Why Israel is even less likely to strike Iran now
All the recent data points in the "will they, won't they" speculation about an Israeli strike on Iran point to this: The already slim odds have gotten slimmer.
Sure, a long piece in Foreign Policy this month, sourced entirely to unnamed US officials, makes the case that Israel has extensive influence in Azerbaijan, which could make a unilateral Israeli attack on Iran easier.
But that story appears to be but one salvo in a broader Obama administration strategy to signal through the press that it doesn't want Israel to strike Iran's nuclear program, even as it seeks to assure Israel that it is committed to its defense.
At every turn, the US has hemmed Israel in (probably the reason so many "anonymous" officials fed the Azerbaijan story to FP). They have made it clear that they will truly be on their own if they attack unilaterally (read: You won't force us into a war of your own choosing).
John Bolton, the hawkish former US ambassador to the UN, characterized the story as an intentional Obama effort to undermine Israel. "Clearly, this is an administration-orchestrated leak.... it's just unprecedented to reveal this kind of information about one of your own allies,” he told Fox.
Mr. Bolton is wrong about the "unprecedented" part; the US has frequently acted to hem in close allies, like Britain or France, when it deemed their military activities a threat to its interests, as the Eisenhower administration did against the joint Israeli-French-British invasion of Egypt during the Suez Crisis in 1956.
But he's certainly right that the Obama administration is worried about the damage to US interests that could be done by a solo Israeli attack on Iran.
In that context, it's hard not to see the Foreign Policy piece as anything other than an Obama administration attempt to stave off an Israeli attack through highlighting growing Israeli ties with the country. (Israel has certainly been seeking warm relations with Azerbaijan; in February, Israel said it had signed a $1.6 billion deal to provide drones and missile defense systems to the country.)
No carte blanche for Israel in Azerbaijan
The piece didn't say that Israel has been given bases of its own in Azerbaijan, or that it has been given carte blanche to use Azeri bases when it sees fit. The piece's central claim is that "four senior diplomats and military intelligence officers say that the United States has concluded that Israel has recently been granted access to airbases on Iran's northern border. To do what, exactly, is not clear."
The FP story led to immediate denials from Azeri officials. An Azeri defense spokesmen told a press conference on Friday that Israel will not be allowed to use the country's territory to attack Iran and said that unspecified press reports were designed to increase tensions between Iran and Azerbaijan.
That makes sense. While Iran's conventional military is puny compared to the US military, it dwarfs Azerbaijan's. Iran is a major trading partner for the country, and has a variety of means at its disposal to make life difficult for its northern neighbor in retaliation for an attack.
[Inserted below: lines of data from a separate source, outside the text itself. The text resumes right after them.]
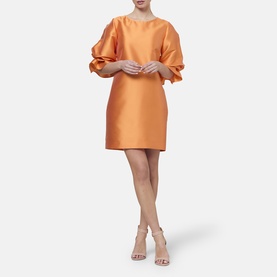 Aurora Puff-Sleeve Mini Dress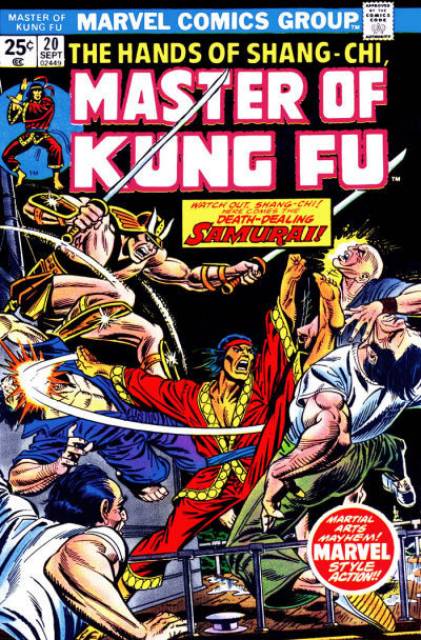 Master of Kung Fu #20 comic cover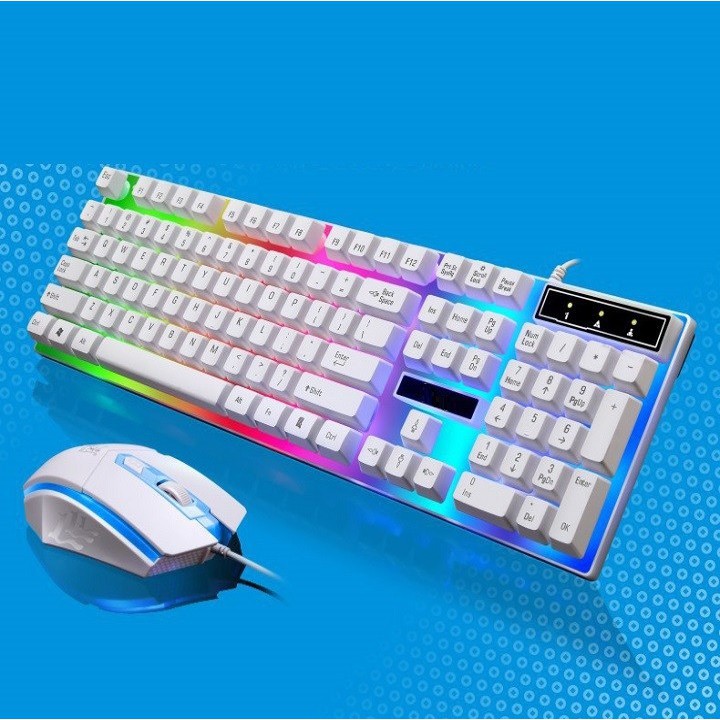 Bộ Bàn Phím kèm Chuột G21 ADBLink Có LED Giả Cơ , Chơi Game ( Màu Trắng ) | BigBuy360 - bigbuy360.vn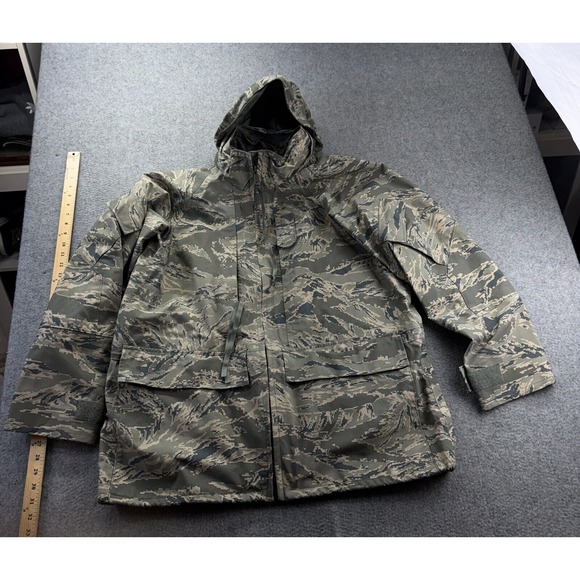 Military‎ APECS Parka Lrg Regular Gore-Tex Camouflage Tactical Waterproof Jacket - Picture 1 of 9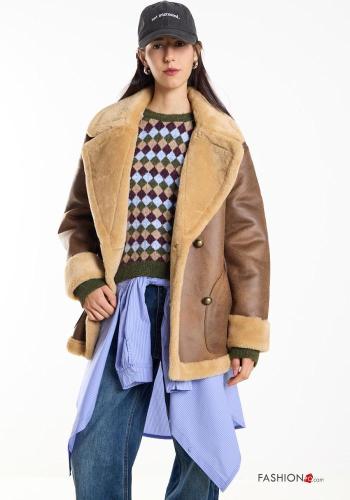 double-breasted reversible Coat - ph 2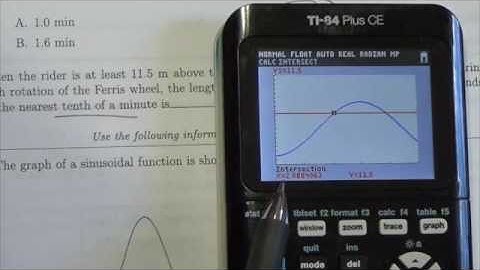 Math 30-2 Sinusoidal Functions Review MC#4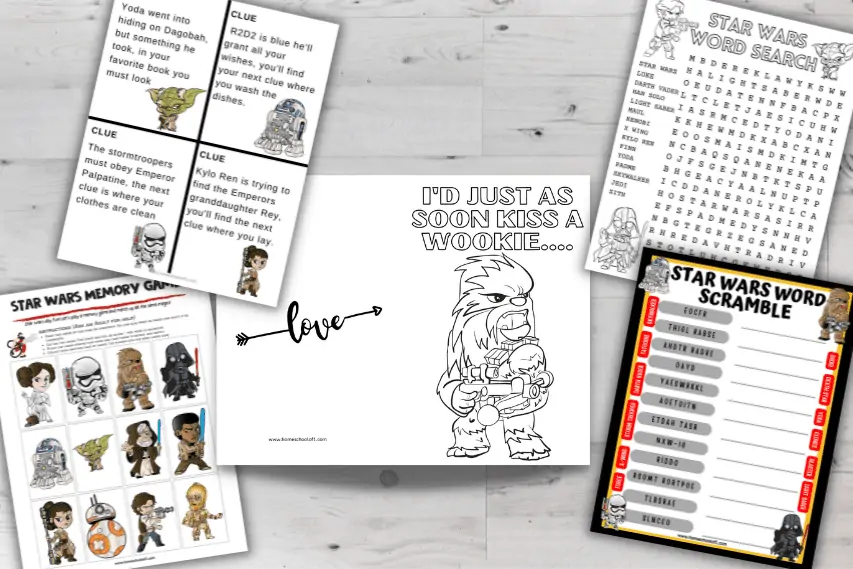 Star Wars Day Activities & Free Printables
The story generated plenty of heavy breathing in the press. The Sydney Morning Herald says: "Unlikely alliance between Israel and Azerbaijan raises heat over Iran." Haaretz writes: "Azerbaijan granted Israel access to air bases on Iran border." A headline in this paper asks "Did US just torpedo Israeli deal for a base in Azerbaijan?"
Another leak
The FP story is far from the first emanating from unnamed US officials that appear designed to push Israel farther away from war. On March 19, The New York Times reported that the US military had just finished a secret war game to test the repercussions of an Israeli attack, and concluded that the chances were high that the US would end up drawn into a broader regional war that would leave hundreds of Americans dead.
"The results of the war game were particularly troubling to Gen. James N. Mattis, who commands all American forces in the Middle East, Persian Gulf and Southwest Asia, according to officials who either participated in the Central Command exercise or who were briefed on the results," the Times wrote. "When the exercise had concluded earlier this month, according to the officials, General Mattis told aides that an Israeli first strike would be likely to have dire consequences across the region and for United States forces there."
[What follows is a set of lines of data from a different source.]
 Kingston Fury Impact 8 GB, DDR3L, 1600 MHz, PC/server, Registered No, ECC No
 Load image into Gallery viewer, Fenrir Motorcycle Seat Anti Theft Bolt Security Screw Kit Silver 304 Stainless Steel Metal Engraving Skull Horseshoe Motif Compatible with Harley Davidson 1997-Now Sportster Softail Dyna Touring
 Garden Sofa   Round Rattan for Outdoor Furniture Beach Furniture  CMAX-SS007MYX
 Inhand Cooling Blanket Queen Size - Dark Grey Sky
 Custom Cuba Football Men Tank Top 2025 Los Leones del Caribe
The message was clear: The US is highly unlikely to support an Israeli strike.
Amir Oren, writing in Haaretz, concludes that that war-game, coupled with renewed American promises to fund Israel's Iron Dome missile defense system (mostly deployed with great success against the unsophisticated rockets fired at Israel from the Gaza Strip), guarantees that Israel won't attack Iran until the spring of next year, at the earliest.
"Israelis may be the world champions of chutzpah, but even biting the hand that feeds you has its limits when the bitten hand is liable to hit back," he writes. "When [Israeli Defense Minister Ehud] Barak thanked the Obama administration 'for helping strengthen Israel's security,' he was abandoning the pretension to act against Iran without permission before the US presidential elections in November."
The US spent $204 million on Israel's Iron Dome system in fiscal year 2011, and last week the Pentagon indicated that more money should be provided in the current budget year, a plan that has bipartisan support in Congress. The Pentagon says the system successfully shot down 80 percent of rockets recently fired from Gaza. The continued US commitment to Israel's defense can be seen as the carrot in this scenario.
Why the US is worried about an Israeli strike
Gary Sick, who coordinated the White House response to the Iran hostage crisis in 1979-80 and who served on the National Security Councils of presidents Ford, Carter, and Reagan, made the case for why the US is worried about unilateral Israeli action in an opinion piece Friday. He says it could lead to the collapse of the sanctions regime that President Bush and President Obama have constructed against Iran, and leave the US on the hook for the aggression in the eyes of much of the world.
Whether the US gave the green light or not, "for Iran and just about everyone else, the fact that most of the Israeli aircraft and bombs were made in the US would be all they needed to know," Sick writes. "On that first morning, the UN Security Council would convene in emergency session to consider a resolution denouncing the Israeli raid. If the United States vetoed the resolution, that would remove any lingering doubt of U.S. complicity.
"Perhaps more significant, however, would be European support of the resolution. This would signal the beginning of the collapse of the sanctions coalition against Iran that had been so laboriously assembled over the past several years. Both the Europeans and the Americans had operated on the tacit belief that crippling sanctions were an alternative to war. With the outbreak of war, that assumption would no longer be valid."
Everything is tea-leaf reading at the moment. Israeli Prime Minister Benjamin Netanyahu and many on the country's right insist that Iran is a major threat to the Jewish state's existence, and fear can push people to do surprising things. But the leaves are almost overwhelmingly telling us no war soon.